[INPUT DATA Boundary: Start]
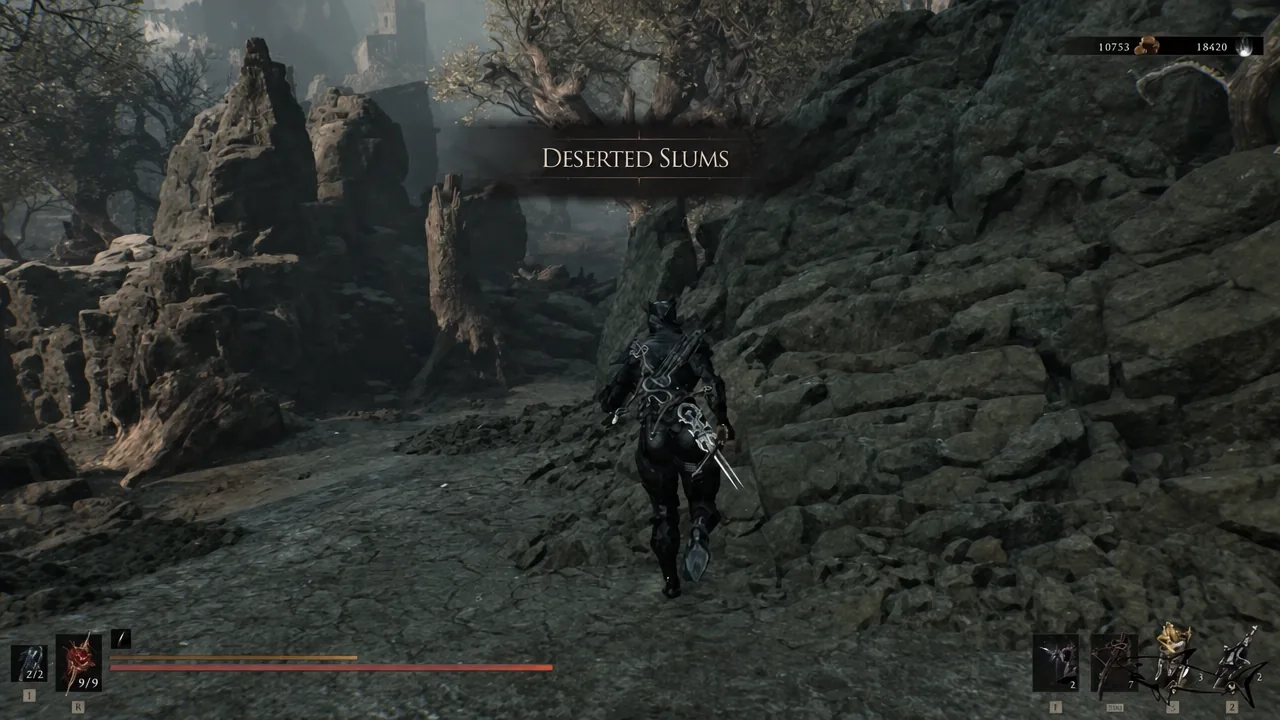 The Deserted Slums area title appears on screen as the player moves through the ruined district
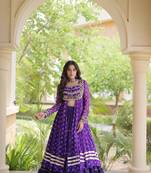 navratri cotton lehenga choli -bandhani print kurti with kutchi patchwork & flair - free size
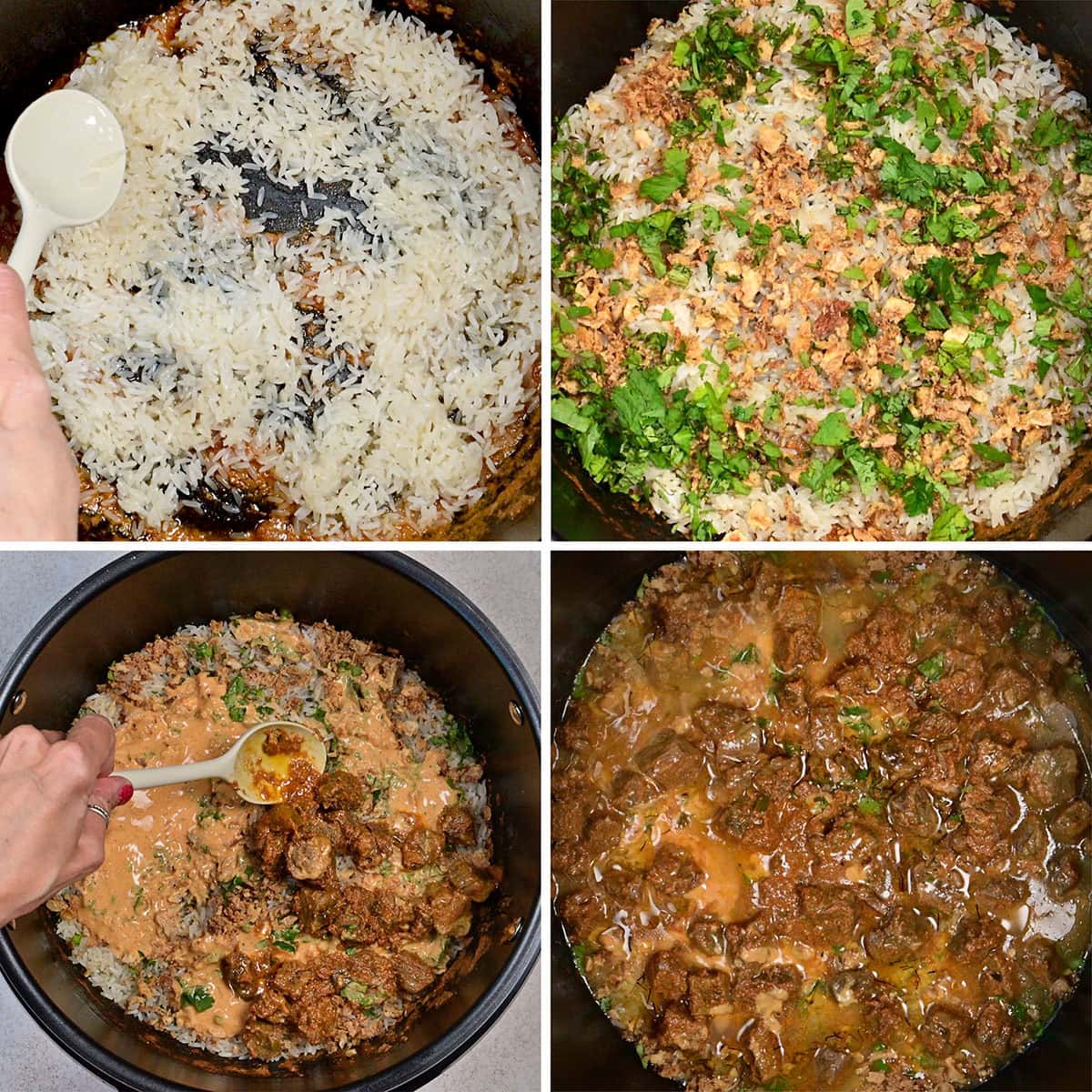 Four images show steps of making biryani in the crockpot: spooning rice from a pot with browned bottom, adding herbs and fried onions, spreading sauce and meat over rice, and meat cooking in sauce with rice and herbs.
[INPUT DATA Boundary: End]
[ACTION ITEM] When you copy the data, keep every line exact and drop the pictures.

[FINISHED EXERCISE]
 The Deserted Slums area title appears on screen as the player moves through the ruined district
 navratri cotton lehenga choli -bandhani print kurti with kutchi patchwork & flair - free size
 Four images show steps of making biryani in the crockpot: spooning rice from a pot with browned bottom, adding herbs and fried onions, spreading sauce and meat over rice, and meat cooking in sauce with rice and herbs.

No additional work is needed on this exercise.